%%

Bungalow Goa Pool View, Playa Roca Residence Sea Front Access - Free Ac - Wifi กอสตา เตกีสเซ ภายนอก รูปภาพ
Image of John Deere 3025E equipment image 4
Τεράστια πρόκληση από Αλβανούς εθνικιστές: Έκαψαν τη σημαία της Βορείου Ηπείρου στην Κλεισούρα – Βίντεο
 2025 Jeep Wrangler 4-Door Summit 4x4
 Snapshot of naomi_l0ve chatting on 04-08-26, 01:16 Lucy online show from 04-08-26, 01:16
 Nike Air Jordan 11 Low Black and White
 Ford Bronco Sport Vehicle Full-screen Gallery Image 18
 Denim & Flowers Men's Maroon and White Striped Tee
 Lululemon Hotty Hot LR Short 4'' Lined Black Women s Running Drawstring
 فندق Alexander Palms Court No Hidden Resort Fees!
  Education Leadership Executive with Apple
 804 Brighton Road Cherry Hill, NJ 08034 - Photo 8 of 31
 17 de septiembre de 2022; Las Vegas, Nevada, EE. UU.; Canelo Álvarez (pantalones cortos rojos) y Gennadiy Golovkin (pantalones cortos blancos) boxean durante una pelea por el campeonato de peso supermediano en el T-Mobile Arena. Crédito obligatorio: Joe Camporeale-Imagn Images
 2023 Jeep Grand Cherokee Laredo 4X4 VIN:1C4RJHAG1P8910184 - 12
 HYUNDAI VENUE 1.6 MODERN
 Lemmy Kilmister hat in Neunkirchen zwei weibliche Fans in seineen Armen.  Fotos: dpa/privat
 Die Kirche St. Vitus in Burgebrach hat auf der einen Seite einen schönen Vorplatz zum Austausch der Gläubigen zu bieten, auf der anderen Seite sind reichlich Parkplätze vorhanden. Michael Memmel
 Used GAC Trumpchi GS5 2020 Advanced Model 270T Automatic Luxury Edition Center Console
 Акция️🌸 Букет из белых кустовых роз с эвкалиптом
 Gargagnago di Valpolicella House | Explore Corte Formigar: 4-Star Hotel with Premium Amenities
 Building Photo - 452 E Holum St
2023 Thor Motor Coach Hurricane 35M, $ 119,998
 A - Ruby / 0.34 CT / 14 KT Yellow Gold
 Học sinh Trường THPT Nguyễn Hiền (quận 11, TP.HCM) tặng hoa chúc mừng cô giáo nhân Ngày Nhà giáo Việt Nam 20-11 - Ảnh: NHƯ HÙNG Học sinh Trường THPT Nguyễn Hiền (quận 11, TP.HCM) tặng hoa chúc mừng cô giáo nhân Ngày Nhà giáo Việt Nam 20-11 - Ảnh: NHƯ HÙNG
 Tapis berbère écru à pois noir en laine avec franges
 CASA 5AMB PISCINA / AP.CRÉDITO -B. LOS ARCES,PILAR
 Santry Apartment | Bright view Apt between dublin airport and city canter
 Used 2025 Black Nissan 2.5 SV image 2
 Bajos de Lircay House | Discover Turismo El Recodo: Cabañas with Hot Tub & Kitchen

%%

EXERCISE BRIEF - Filter the listing above for the string "Black" and copy every matching line.

RESULT -
 Nike Air Jordan 11 Low Black and White
 Lululemon Hotty Hot LR Short 4'' Lined Black Women s Running Drawstring
 Used 2025 Black Nissan 2.5 SV image 2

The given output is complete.